ところで、体のどこかが痛い時、私たちはマッサージに通ったり、患部に湿布を貼ったりしますが、あまり良くならないか、一時的に症状が和らいでもすぐにまた痛み出して、慢性化してしまうことが珍しくありません。これは一体なぜなのでしょうか?
今回は『「黒幕」を知れば痛みは治る!──あなたの痛みが治らない「本当の理由」』(自由国民社/刊)の著者で、 トレーナーとして2006年のFIFAクラブワールドカップに参加した経験を持つ、たかこ整骨院院長の高子大樹さんにインタビュー。体の痛みが慢性化する原因と対策についてお聞きしました。
―『「黒幕」を知れば痛みは治る!──あなたの痛みが治らない「本当の理由」』についてお話をうかがえればと思います。本書で書かれている「痛みの「黒幕」が痛い場所にあるとは限らない」という高子さんのお考えはとても納得できるものでした。
たとえば「肩こり」の場合、黒幕となっていることの多い箇所はどこなのでしょうか。
高子:その人の生活状況にもよるのですが、たとえば座ってデスクワークをする人に多いのが、股関節や足の付け根の筋肉が固く縮こまってしまった結果、上半身が前傾してしまって肩に負担がかかるというパターンです。

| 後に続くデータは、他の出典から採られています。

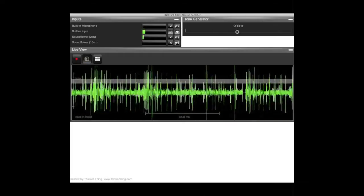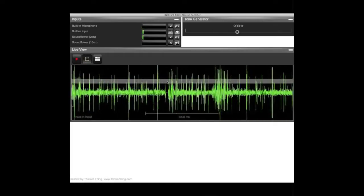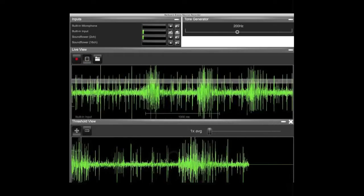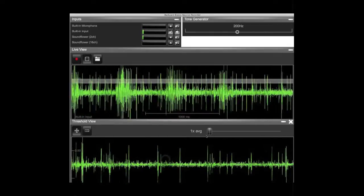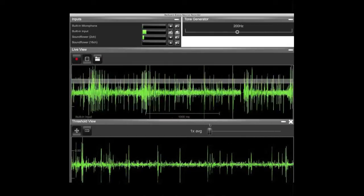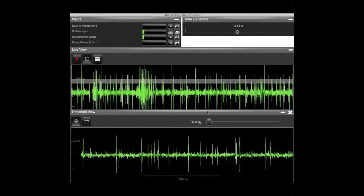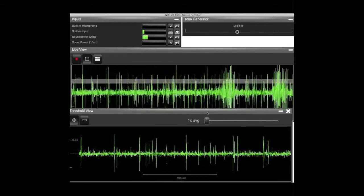You can also click the threshold icon in the live view to zoom in on snapshots of when the recording surpasses a selected threshold you choose.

―心当たりがあるお話です。腰痛に関してはいかがでしょうか。
高子:デスクワークの方の腰痛はタイプが二つあって、背中が丸くなることによって腰痛を引き起こすパターンと、肩こりと同じく股関節が固くなって腰痛が起きるパターンがあります。
この本で書いている“痛みの「黒幕」”とは、簡単に言ってしまうと「普段の癖」なんですよ。誰にでも普段から意識しないでやっている姿勢の癖や動きの癖があると思うのですが、その癖を長期間続けることによって、借金が増えるように体の歪みが蓄積されていき、あるタイミングで痛みが出るようになる。
ただ、蓄積した結果痛くなるということで、本人が原因に気がつかないんですよ。話を聞くと「急に痛くなった」と言うんですけど、本当はそうじゃないことが多いんです。
―たとえば右手で頬杖をつく癖がある人が、今度は左手で頬杖をつくことで骨格的にバランスが取れたりといったことはあるのでしょうか。
高子:そこが微妙なところで、右手で頬杖をつく癖がついてしまっているものを逆の手に変えても、背骨が右側に曲がったまま左に傾いただけ、ということになる可能性もあります。癖と逆のことをやったからといって左右対称になるとは限らないんです。
―慢性的な体の痛みは、肩こりでも腰痛でも痛みが起きるメカニズムとしては共通するところが大きいのでしょうか。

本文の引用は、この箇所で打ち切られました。